Show that $$ A= \begin{bmatrix} a & c & b \\ b & a & c \\ c & b & a \\ \end{bmatrix} $$ is orthogonal if and only if $a^2+b^2+c^2=1$ and $a+b+c= \pm 1$.
For a matrix to be orthogonal it must satisfy $A^T A^{-1} = I$ where $I$ is the identity matrix.

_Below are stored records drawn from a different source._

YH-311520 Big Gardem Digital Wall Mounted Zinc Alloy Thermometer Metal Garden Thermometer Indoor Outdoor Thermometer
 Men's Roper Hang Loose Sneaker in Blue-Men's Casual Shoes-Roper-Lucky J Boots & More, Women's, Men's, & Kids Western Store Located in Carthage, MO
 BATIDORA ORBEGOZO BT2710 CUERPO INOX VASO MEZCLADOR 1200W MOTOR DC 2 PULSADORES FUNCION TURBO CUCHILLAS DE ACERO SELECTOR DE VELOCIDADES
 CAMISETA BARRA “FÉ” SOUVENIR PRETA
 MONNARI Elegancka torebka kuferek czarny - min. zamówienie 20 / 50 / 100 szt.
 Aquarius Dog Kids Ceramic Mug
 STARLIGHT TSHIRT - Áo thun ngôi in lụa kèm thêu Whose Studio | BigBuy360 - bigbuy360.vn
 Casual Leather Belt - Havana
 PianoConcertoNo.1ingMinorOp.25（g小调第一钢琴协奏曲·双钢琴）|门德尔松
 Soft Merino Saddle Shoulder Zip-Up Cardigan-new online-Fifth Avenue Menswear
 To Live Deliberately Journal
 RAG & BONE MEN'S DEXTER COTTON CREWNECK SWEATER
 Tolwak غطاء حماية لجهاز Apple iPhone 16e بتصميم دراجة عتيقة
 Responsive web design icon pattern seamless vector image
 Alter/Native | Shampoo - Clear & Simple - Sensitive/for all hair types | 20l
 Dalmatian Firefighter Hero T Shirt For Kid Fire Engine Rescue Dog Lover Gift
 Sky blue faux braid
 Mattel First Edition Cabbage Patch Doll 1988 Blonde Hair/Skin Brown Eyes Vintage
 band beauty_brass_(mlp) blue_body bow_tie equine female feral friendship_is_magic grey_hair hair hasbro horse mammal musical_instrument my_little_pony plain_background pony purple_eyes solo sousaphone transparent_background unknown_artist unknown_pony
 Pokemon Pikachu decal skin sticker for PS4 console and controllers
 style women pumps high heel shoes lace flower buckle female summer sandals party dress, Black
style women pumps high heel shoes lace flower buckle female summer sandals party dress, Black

I calculated $$A^T A^{-1} =\begin{bmatrix} a^2+b^2+c^2 & ab+ac+bc & ab+ac+bc \\ ab+ac+bc & a^2+b^2+c^2 & ab+ac+bc \\ ab+ac+bc & ab+ac+bc & a^2+b^2+c^2 \\ \end{bmatrix} $$ So for $A^T A^{-1} = I$ we must have that $$ a^2+b^2+c^2 = 1$$ and $$ab+ac+bc =0 $$ So then I showed that $ a^2+b^2+c^2 = 1$, but through a lot of rough work I can't seem to make $ab+ac+bc =0 $ imply that $a+b+c= \pm 1$. Does anyone have any hints?I feel like i've just about tried every way to sub something into something else!
The comments should be enough, but
if $a^2+b^2+c^2 = 1$ and $ab+ac+bc = 0$,
then
$(a+b+c)^2 =a^2+b^2+c^2+2(ab+ac+bc) =1 $
so $a+b+c = \pm 1$.